To apply the model, I will simulate data for $p = 3$.

In [272]:
from sklearn import datasets

iris = sklearn.datasets.load_iris()
X = iris.data[:, :2]
y = (iris.target != 0)*1

In [276]:
# new try
def z(X, )

def sigmoid(z):
    return(1 / (1 + np.exp(-z)))

z = np.dot(X, np.array([1,2]).reshape(2,1))

def loss(h, y):
    return((-y * np.log(h) - (1-y) * np.log(1-h)).mean())

def gradient_w

In [552]:
class LogisticReg:
    def __init__(self, step_size = 0.01, epochs = 10000, random_init = False):
        self.step_size = step_size
        self.epochs = epochs
        self.random_init = random_init
    # equation 1a in matrix form
    def z(self, X, w):
        return(np.dot(X, w))
    # equation 1b
    def sigmoid(self, z):
        return(1/(1+np.exp(-z)))
    # equation 1d
    def loss(self, h, y):
        # h: sigmoid applies to z
        return((-y * np.log(h) - (1-y) * np.log(1-h)).mean())
    
    def add_intercept(self, X):
        intercept = np.ones((X.shape[0], 1))
        return(np.concatenate((intercept, X), axis = 1))
    
    def fit(self, X, y):
        # add an intercept for the b term
        X = self.add_intercept(X)
        # initialize weights
        if not self.random_init:
            self.w = np.zeros(X.shape[1]).reshape(X.shape[1],1)
        elif self.random_init:
            self.w = np.random.rand(X.shape[1]).reshape(X.shape[1],1)
        
        # time for model fitting
        for i in range(self.epochs):
            z = np.dot(X, self.w)
            h = self.sigmoid(z)
            # as calculated in the exercises but not including
            # the gradient wrt b as it is accounted for in 
            # the data matrix by the column of 1s
            gradient = np.dot(X.T, (h-y)) / y.size
            # update
            self.w -= self.step_size * gradient     
            
            z = np.dot(X, self.w)
            h = self.sigmoid(z)
            loss = self.loss(h, y)


In [556]:
X = iris.data[:, :2]
y = ((iris.target != 0)*1).reshape(150, 1)
model_test = LogisticReg(step_size = .1, epochs = 300000 )
model_test.fit(X, y)

In [573]:
np.random.seed(12)
mean_vec = [1, 5, 3]
cov_mat = np.diag([2.2, 15.3, 82.5])
n = 100
# as defined in the task, the complete datamatrix is p x n rather than n x p
x = np.random.multivariate_normal(mean_vec, cov_mat, n)
coefs = np.array([2, -1.2, 0.5]).reshape(3,1)

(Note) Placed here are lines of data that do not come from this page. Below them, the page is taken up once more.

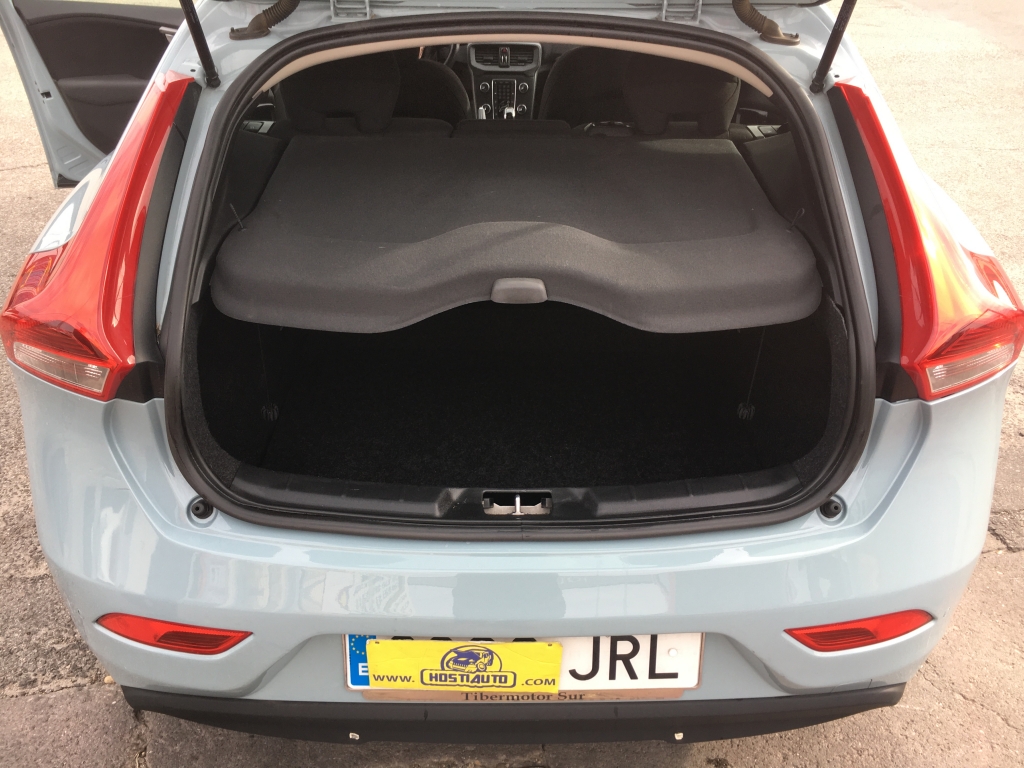 VOLVO V-40 D 2.0 120CV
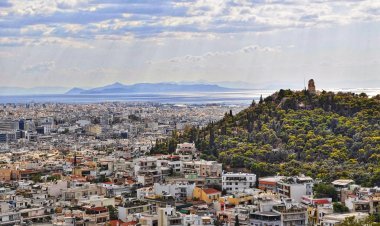 Athens: Bridging Ancient Marvels with Modern Delights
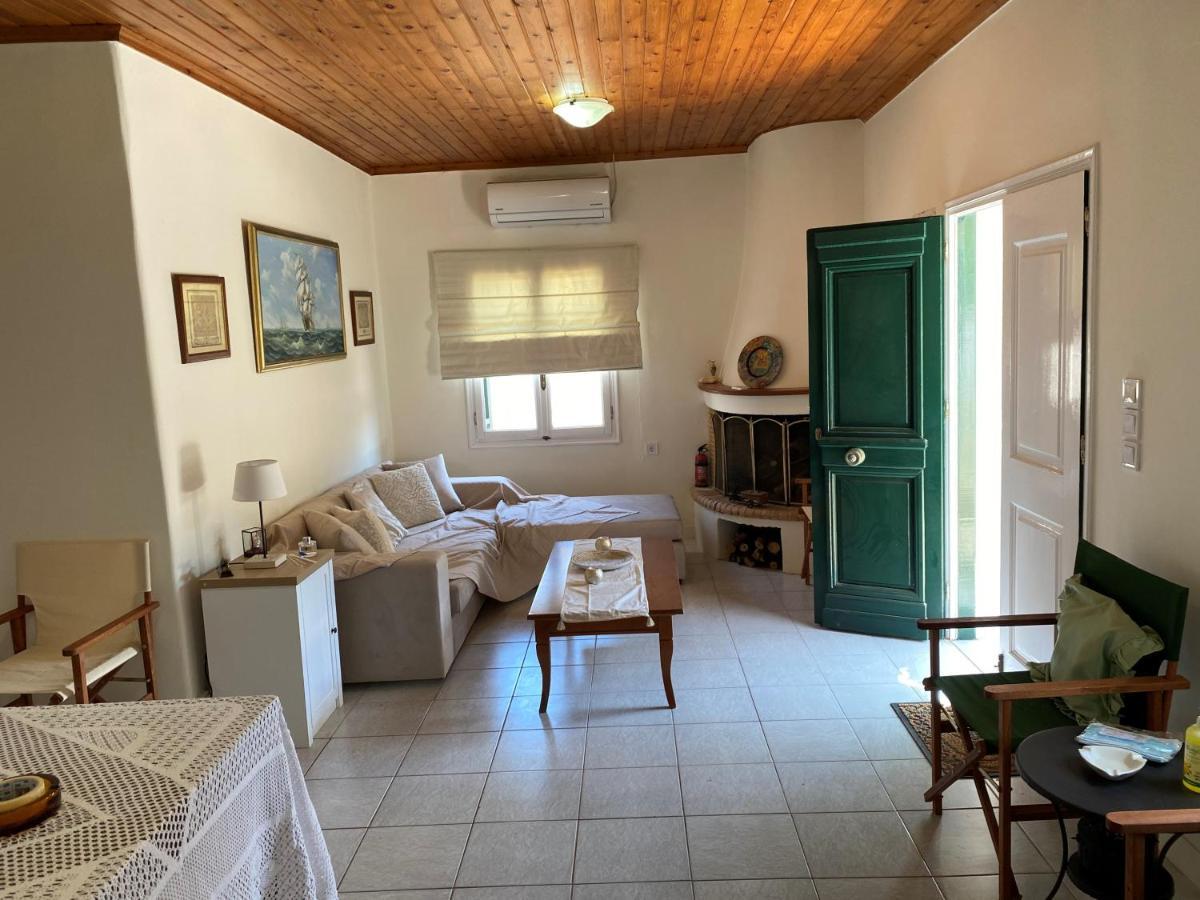 Lena'S Traditional Villa Αγία Ευφημία Εξωτερικό φωτογραφία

z = 5 + np.matmul(x , coefs)
p = 1/(1 + np.exp(-z))
y = np.random.binomial(1, p.flatten(), n)

In [574]:
model_test = LogisticReg(step_size = .1, epochs = 300000)

In [575]:
model_test.fit(x, y.reshape(100, 1))

In [576]:
model_test.w

array([[ 4.80892653],
       [ 1.85489525],
       [-1.1601345 ],
       [ 0.47527861]])